Source: `ec2:DescribeInstanceTypes` API reference
([InstanceTypeInfo](https://docs.aws.amazon.com/AWSEC2/latest/APIReference/API_InstanceTypeInfo.html),
[NetworkInfo](https://docs.aws.amazon.com/AWSEC2/latest/APIReference/API_NetworkInfo.html),
[EbsInfo](https://docs.aws.amazon.com/AWSEC2/latest/APIReference/API_EbsInfo.html)),
retrieved 2026-05-24. The matching CLI is
`aws ec2 describe-instance-types --instance-types <type>`.

- **Network surface.** `networkInfo.enaSupport` reports Elastic Network Adapter
  (ENA) support with values `unsupported | supported | required`.
  `networkInfo.efaSupported` (boolean) and `networkInfo.efaInfo` report Elastic
  Fabric Adapter presence. `networkInfo.enaSrdSupported` (boolean) reports ENA
  Express (Scalable Reliable Datagram). `networkInfo.encryptionInTransitSupported`
  (boolean) reports automatic in-transit encryption between instances.
- **EBS/NVMe surface.** `ebsInfo.nvmeSupport` reports NVMe support for EBS with
  values `unsupported | supported | required`. `ebsInfo.ebsOptimizedSupport`
  reports EBS-optimized behavior (`unsupported | supported | default`).
- **Instance store.** `instanceStorageSupported` (boolean) and
  `instanceStorageInfo` report local instance-store NVMe disks.
- **Accelerators.** `gpuInfo`, `fpgaInfo`, `inferenceAcceleratorInfo`,
  `neuronInfo`, and `mediaAcceleratorInfo` describe GPU/FPGA/inference/Neuron/
  media accelerator surfaces when present.
- **Hypervisor.** `hypervisor` reports `nitro | xen`. Modern Nitro instances
  report `nitro`; the Nitro system is where ENA and NVMe EBS exposure originate.

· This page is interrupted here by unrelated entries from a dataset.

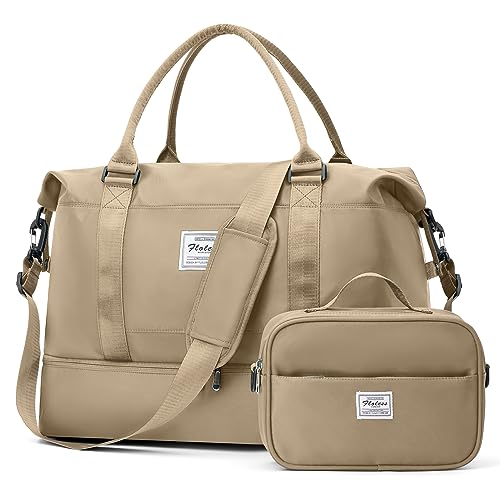 Reisetasche Damen Handgepäck Tasche Sporttasche mit Kulturbeutel Weekender Bag Schwimmtasche Wasserdicht Travel Duffle Bag Fitnesstasche Trainingstasche Krankenhaustasche mit Schuhfach,C12-Khaki von SEAFEW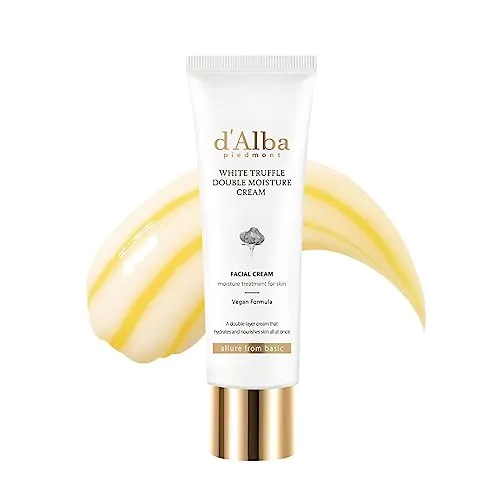 d'alba Italian Weiß Truffle Double Serum & Cream, 2-in-1 Intensivpflege - Nachtpflege mit hochwertigem weißen Trüffel und veganem Kollagen-Extrakt, bietet Elastizität und Glanz für alle Hauttypen.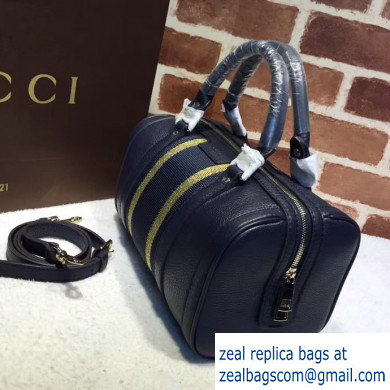 Gucci Vintage Web Boston Bag 269876 Leather Blue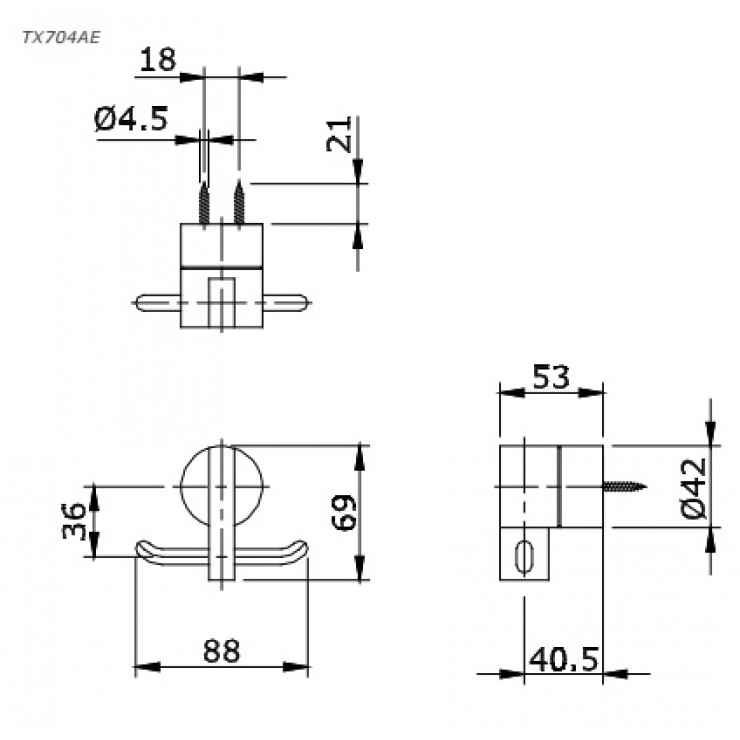 Bản vẽ kỹ thuật Móc áo Toto TX704AE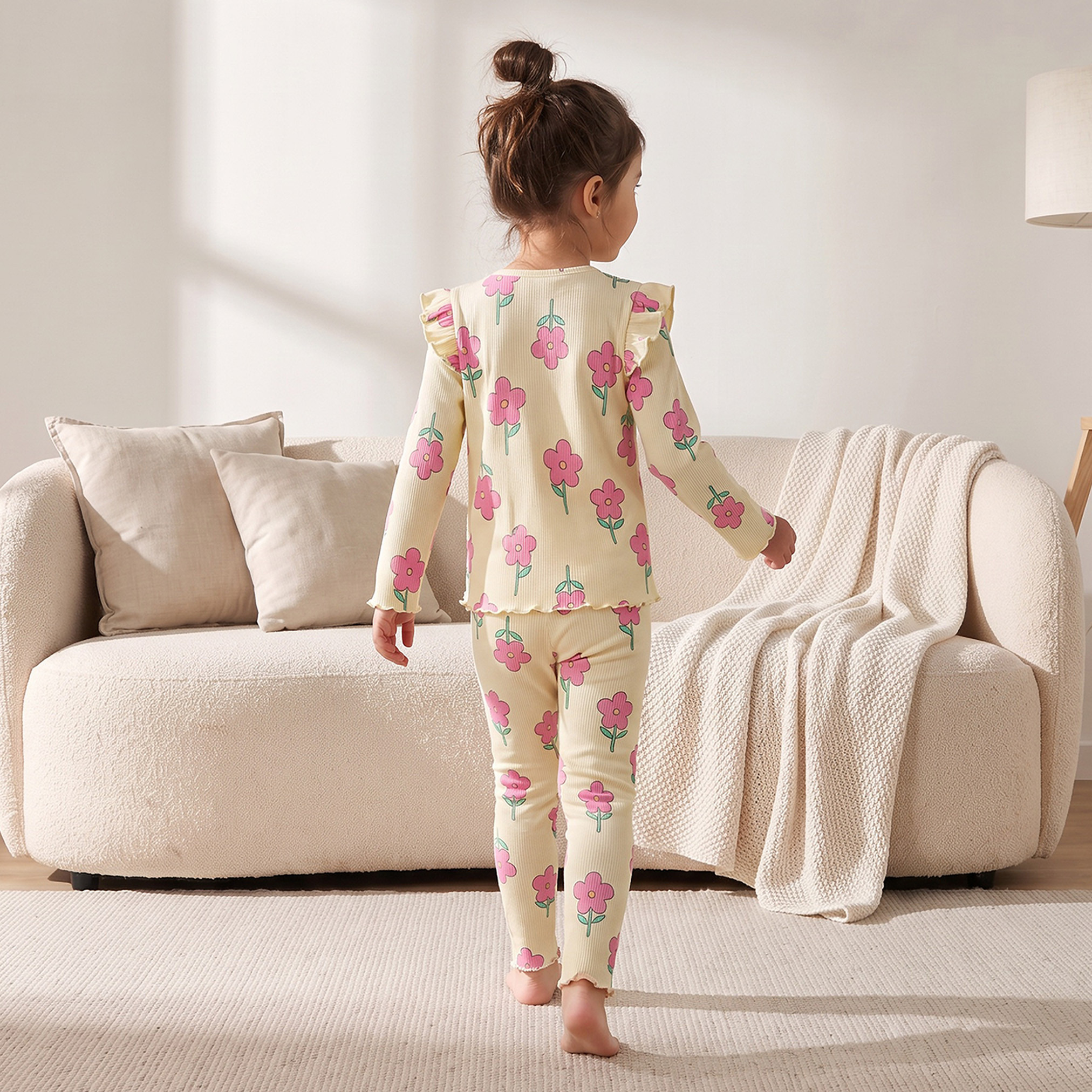 Juniors Cotton Crew Neck Long Sleeves Pyjama Set with Floral Print-girls-clothing-nightwear-image-2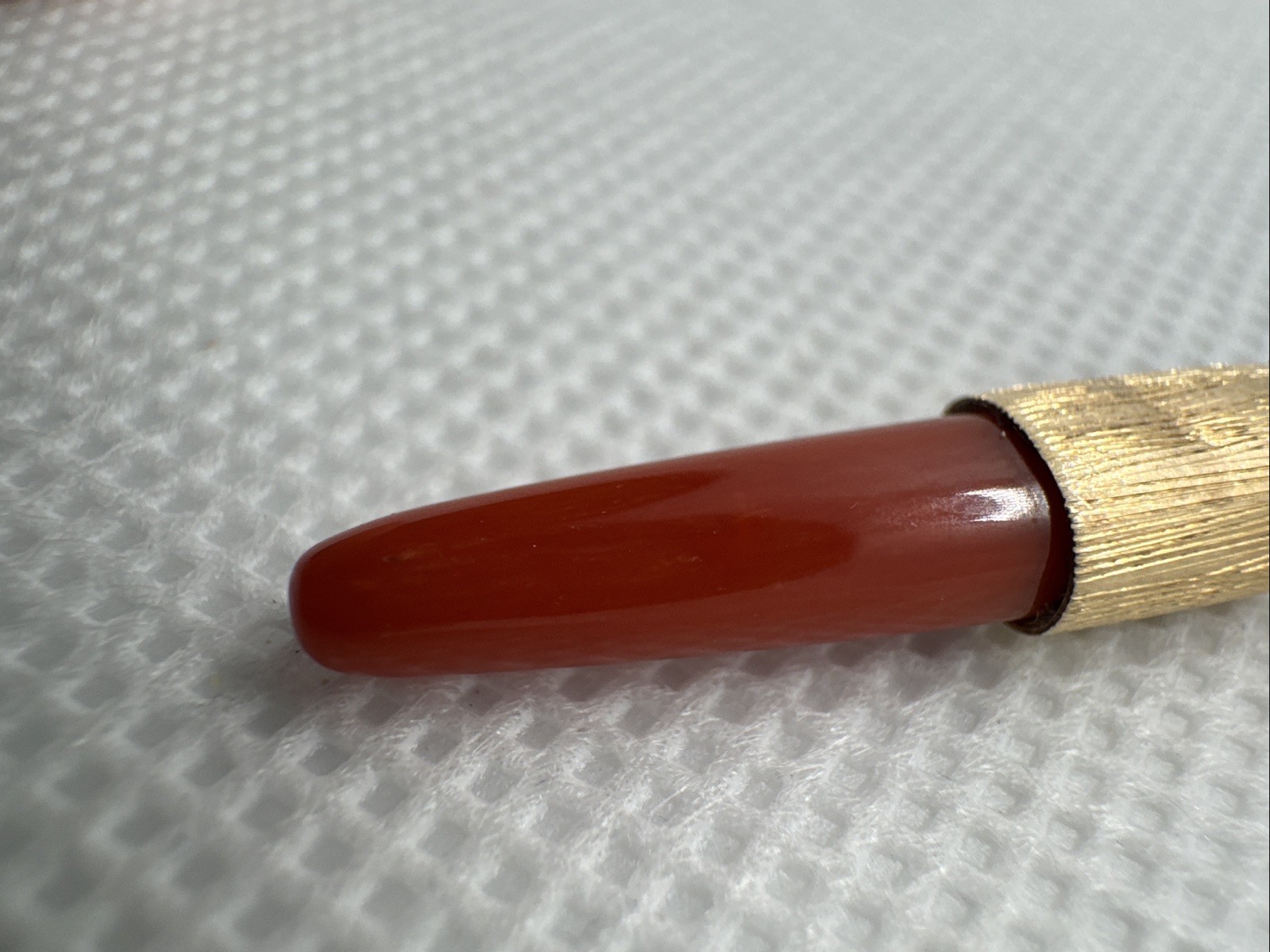 Victorian 14k Yellow Gold Red Coral Horn Charm Pendant 2g Vintage, Antique, Rare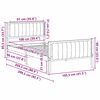 vidaXL Bettgestell Braun und hellgrau 100 x 200 cm Massivholz Kiefer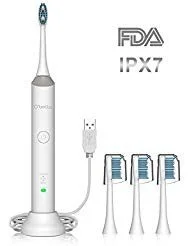 RECHARGEABLE ELECTRIC SONIC TOOTHBRUSH WITH 3 BRUSHING MODES & 4 REPLACEMENT BRUSH HEADS FOR $13.65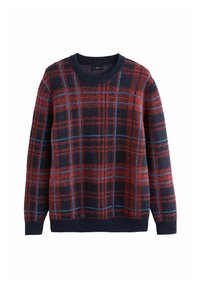 Marineblau und rot kariertes Wollpullover mit blauen Streifen, Rundhalsausschnitt und gerippten Bündchen und Saum.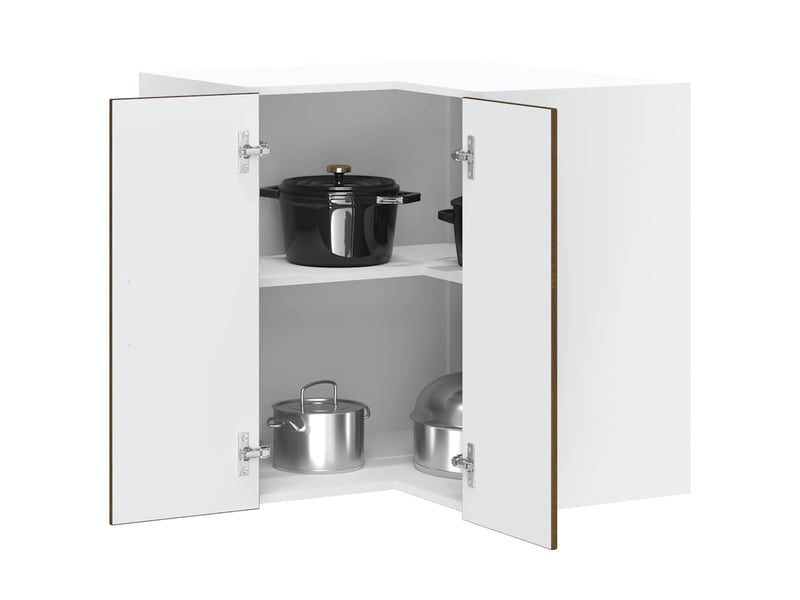 Meuble de rangement, armoire murale d'angle de cuisine kalmar chêne marron - Conforama C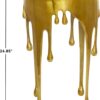 Deco 79 Aluminum Metal Abstract Melting Drip Accent Table with Melting Design and Shaded Glass Top, 16' x 16' x 25', Gold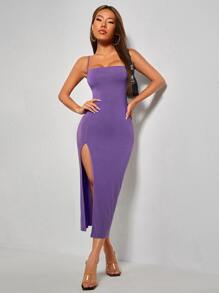 SHEIN PETITE 高衩露背繫帶高衩吊帶連衣裙 - 紫色 - 查看 1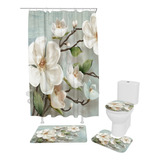 4pcs Set De Cortina De Ducha Con Fondo Floral Blanco Rústico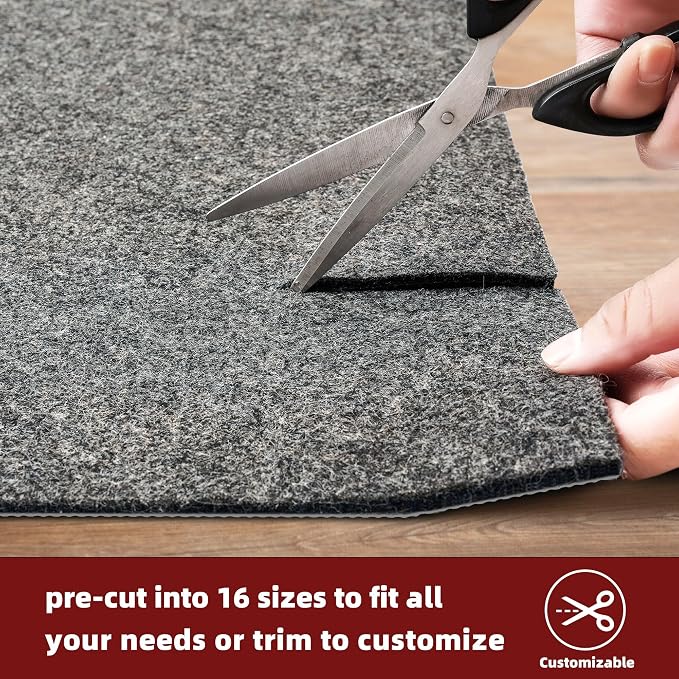 BAGAIL Felt and Natural Rubber Backing Rug Pads 1/8” Thick, Round 8 Feet Non - Image 5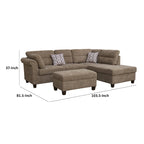 Canapé sectionnel Ari de 264 cm avec méridienne, pouf, 2 oreillers décoratifs, marron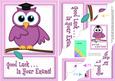 A5 Wise Owl Exam Good Luck Felties Scallop Side Stacker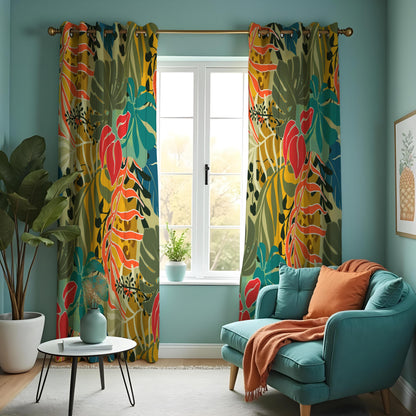 Tropical Anthurium Leaf Curtains, Jungle Botanical Drapes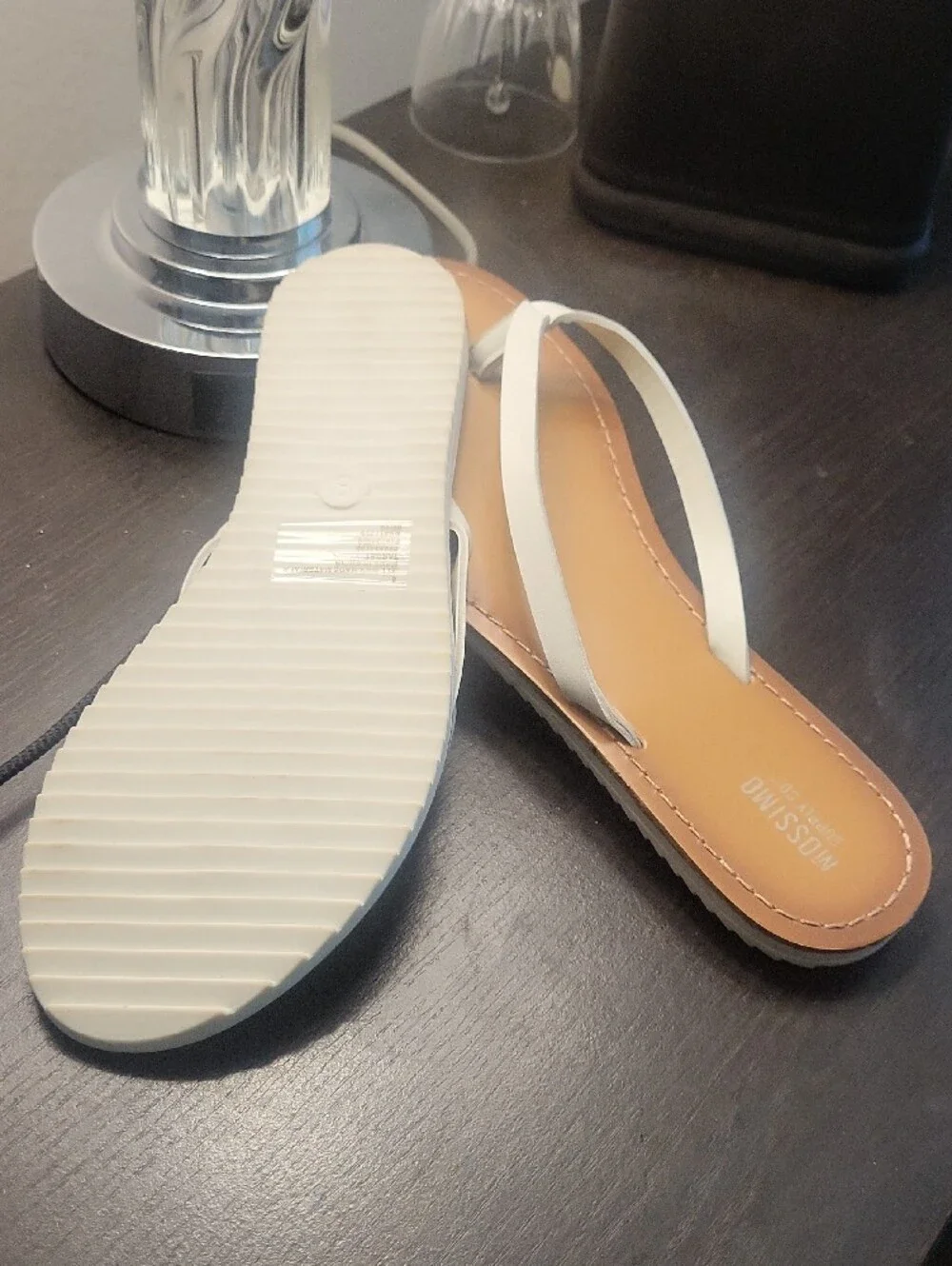 Mossimo Supply Co. White Strap Tan Footbed Flip Flop Sandals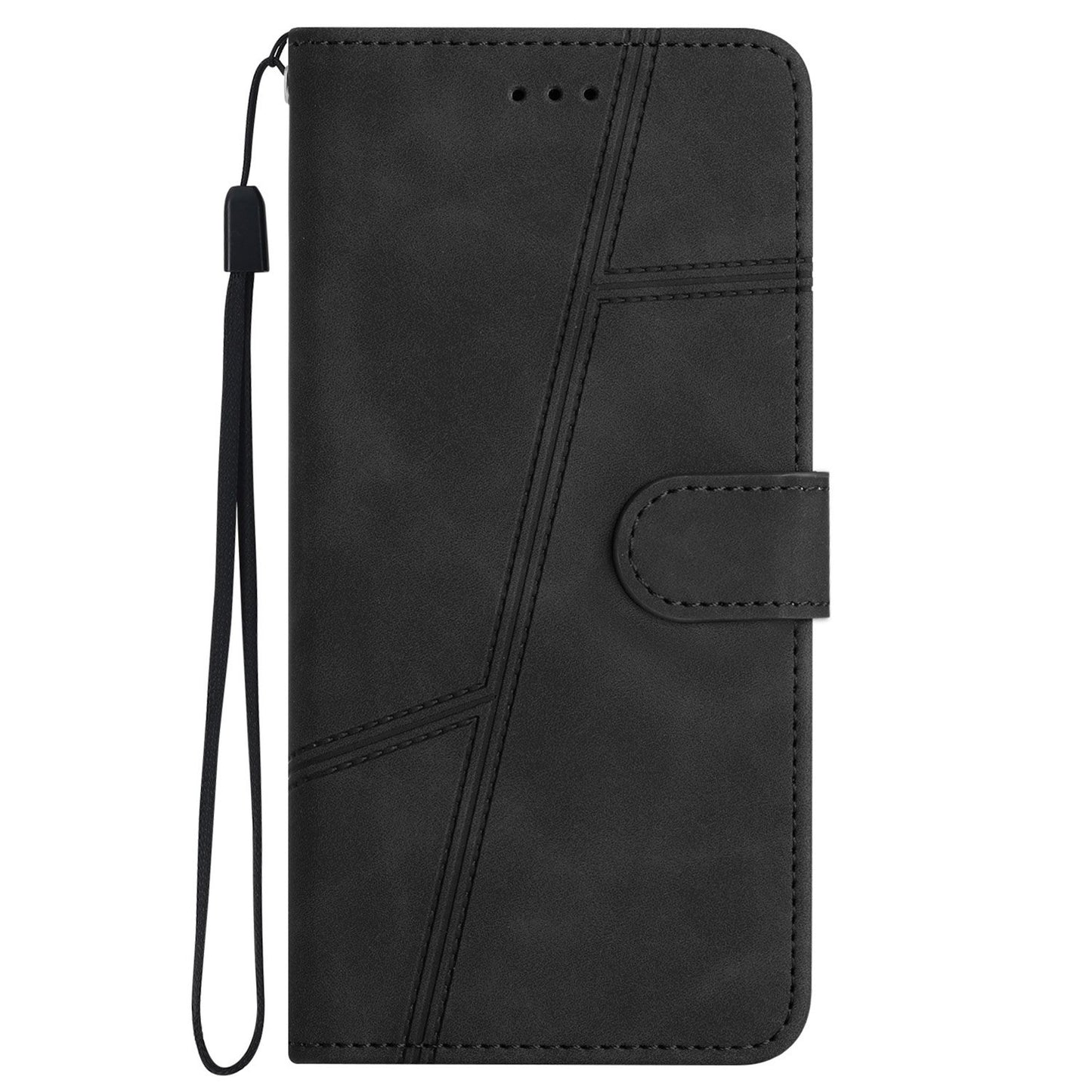 For iPhone 13 Pro 6.1 inch Vintage PU Leather Phone Cover, Skin-touch Feeling Lines Imprinted Flip Stand Shell Case with Wallet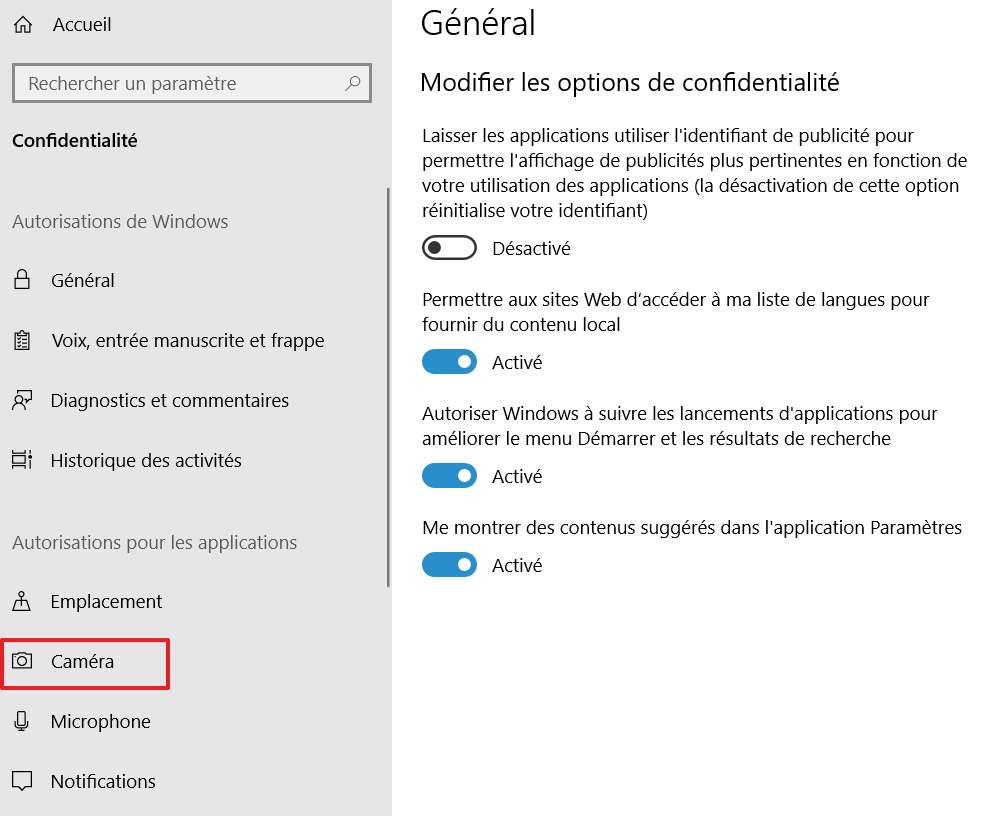 Comment désactiver son microphone et sa caméra sous Windows 10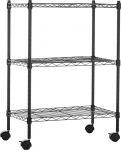 Amazon Basics 3 riiulit kitsas ratastel, reguleeritava k&otilde;rgusega riiulid ja reguleeritavad tasandusjalad - maksimaalne kaal 340 kg, must, 34 cm D x 58,9 cm W x 83,2 cm H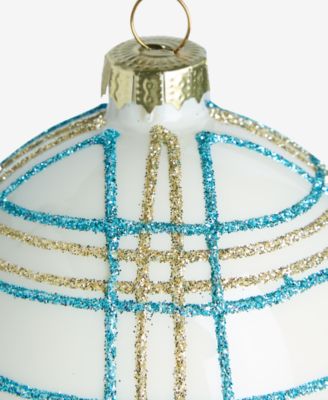 Enchanted Emerald Glass Plaid Ball Ornament, Macy's Exclusive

Inference from API field: an instance type with `enaSupport=required` and
`ebsInfo.nvmeSupport=required` exposes a DMA-capable NIC and NVMe block surface.
This identifies a DMA-capable surface; it is not evidence of guest-programmable
remapping authority.

### Azure Virtual Machines

Source: [Azure Accelerated Networking overview](https://learn.microsoft.com/en-us/azure/virtual-network/accelerated-networking-overview)
(page `ms.date` 2026-02-05, last updated 2026-05-05) and
[az vm list-skus](https://learn.microsoft.com/en-us/cli/azure/vm#az-vm-list-skus),
retrieved 2026-05-24.

- **Network surface.** Accelerated Networking enables single-root I/O
  virtualization (SR-IOV) on supported VM sizes, providing a host-bypass data
  path. The underlying SR-IOV hardware is one of NVIDIA/Mellanox ConnectX-3,
  ConnectX-4 Lx, ConnectX-5, or the Microsoft Azure Network Adapter (MANA).
- **Capability query.** A VM size's Accelerated Networking capability is read
  from `az vm list-skus` as the `AcceleratedNetworkingEnabled` capability value.
  Most general-purpose and compute-optimized sizes with two or more vCPUs
  support it (four or more on hyperthreaded sizes); NC and NV sizes appear in
  output but do not support it.
- **VF dynamic binding and revocation.** The document states the SR-IOV virtual
  function (VF) is dynamically revoked and restored across host maintenance and
  live migration. Guest images must bind to the synthetic `hv_netvsc` device,
  not the VF, to keep connectivity, and must mark `mana | mlx4_core | mlx5_core`
  SR-IOV devices unmanaged so the synthetic/VF bond is transparent.
- **Driver delivery.** Azure does not update the Mellanox or MANA in-guest
  drivers; the guest kernel/distribution provides them.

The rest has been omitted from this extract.